_YOUR TASK_. Only the pictures should be left out; repeat the rest of the data exactly.

_GIVEN MATERIAL_.
====
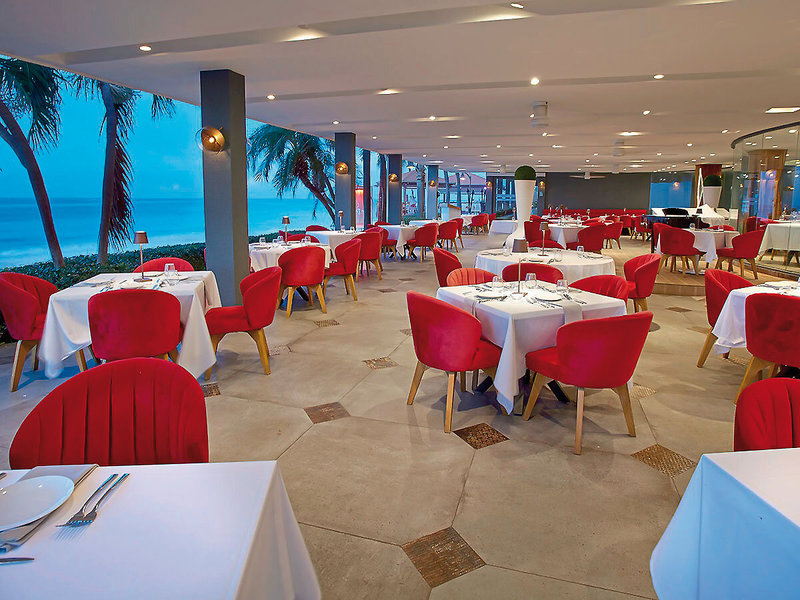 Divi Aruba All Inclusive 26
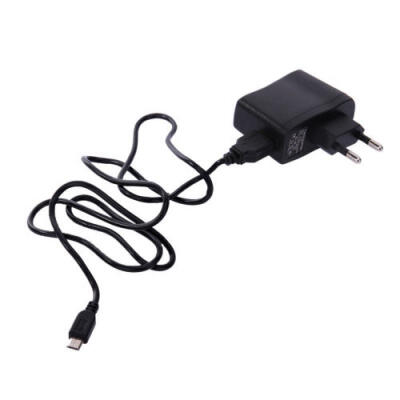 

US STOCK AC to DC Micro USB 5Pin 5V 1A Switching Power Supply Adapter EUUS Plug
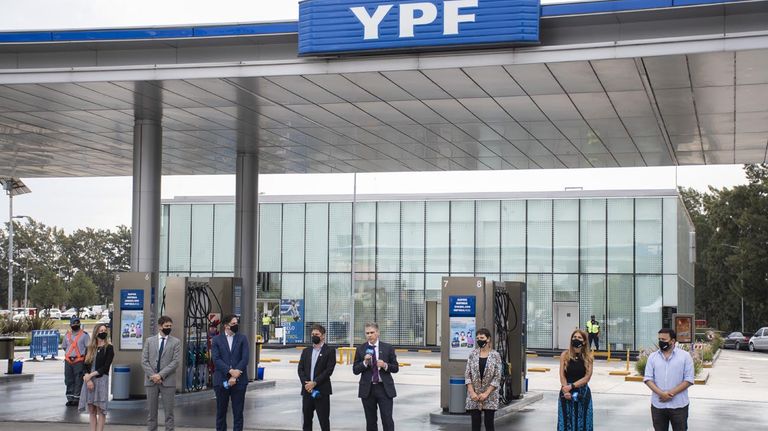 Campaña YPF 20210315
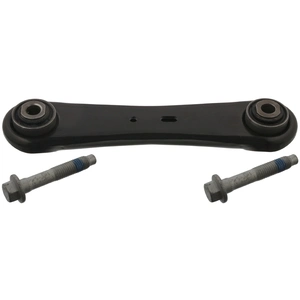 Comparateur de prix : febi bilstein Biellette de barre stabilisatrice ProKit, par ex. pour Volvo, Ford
====
_REPLY TO THE EXERCISE_.
 Divi Aruba All Inclusive 26

US STOCK AC to DC Micro USB 5Pin 5V 1A Switching Power Supply Adapter EUUS Plug
 Campaña YPF 20210315
 Comparateur de prix : febi bilstein Biellette de barre stabilisatrice ProKit, par ex. pour Volvo, Ford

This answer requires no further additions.